Construction loans afford the Banks the opportunity to increase the interest rate sensitivity of their loan portfolio and to receive yields higher than those obtainable on ARM loans secured by existing residential properties. These higher yields correspond to the higher risks associated with construction lending.
Construction development loans involve additional risks attributable to the fact that loan funds are advanced upon the security of the project under construction. Development lending often involves the disbursement of substantial funds with repayment dependent, in part, on the success of the ultimate project rather than the ability of the borrower or guarantor to repay principal and interest. This involves more risk than other lending because as it is based on future estimates of value and economic circumstances. While appraisals are required prior to funding, and advances are limited to the value determined by the appraisal, there is the possibility of an unseen event affecting the value of the project. Development loans are primarily used for single-family developments, where the sale of lots and houses are tied to the customer preferences and interest rates. If the borrower defaults prior to completion of the project, the Bank may be required to fund additional amounts so that another developer can complete the project. The Banks have attempted to address these risks through their underwriting procedures, construction monitoring, and by limiting the amount of construction development lending.
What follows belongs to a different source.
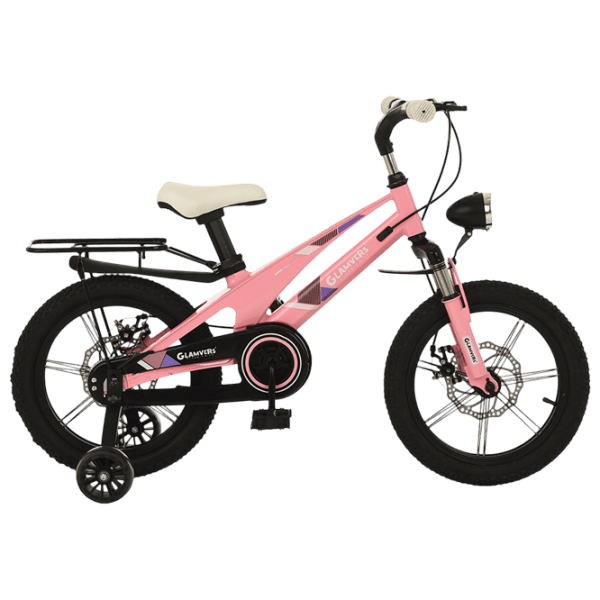 Bicicletă Glamvers Cross Spoke 16" 16" Aliaj de magneziu / Pink Black photo 1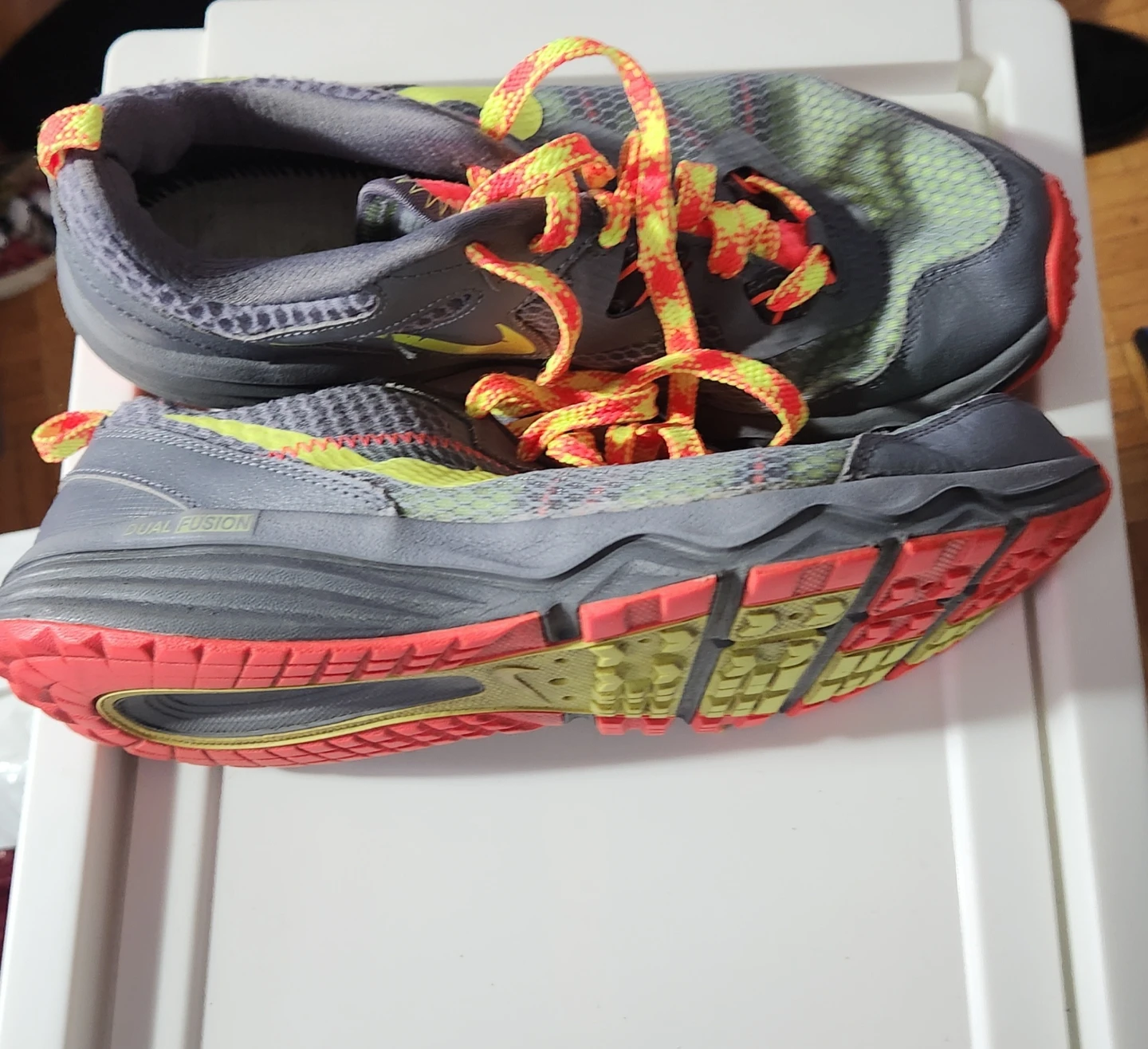 Nike Dual Fusion Men's Running Shoes Grey/Lime - photo 3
Commercial Loans. As noted above, the Banks are active commercial lenders. The areas of emphasis include: loans to wholesalers, manufacturers, building contractors, developers, business services companies and retailers. The Banks provide a wide range of business loans, including lines of credit for working capital and operational purposes and term loans for the acquisition of equipment and other purposes. Collateral for these loans generally includes accounts receivable, inventory, equipment and real estate. In addition, the Banks may take personal guarantees to help assure repayment. Loans may be made on an unsecured basis if warranted by the overall financial condition of the borrower. Commercial lines of credit are generally for 1 year and have floating rates. Commercial term loans range from 1 to 7 years with the majority falling in the 3 to 5 year range with rates fixed for the duration of the loan.
Consumer Loans. The Banks also provide all types of consumer loans including motor vehicle, home improvement, home equity, student loans, credit cards, signature loans and small personal credit lines. Consumer loans typically have shorter terms and lower balances with higher yields as compared to our other loans, but generally carry higher risks of default. Consumer loan collections are dependent on the borrowers continuing financial stability, and thus are more likely to be affected by adverse personal circumstances.
Competition
The Companys market area is highly competitive. Many financial institutions based in Auroras surrounding communities and in Chicago, Illinois, operate banking offices in the greater Aurora area or actively compete for customers within the Companys market area. The Company also faces competition from finance companies, insurance companies, mortgage companies, securities brokerage firms, money market funds, loan production offices and other providers of financial services.
The Company competes for loans principally through the range and quality of the services it provides, interest rates and loan fees. Management believes that its long-standing presence in the community and personal service philosophy enhances its ability to compete favorably in attracting and retaining individual and business customers. The Company actively solicits deposit-related clients and competes for deposits by offering customers personal attention, professional service and competitive interest rates.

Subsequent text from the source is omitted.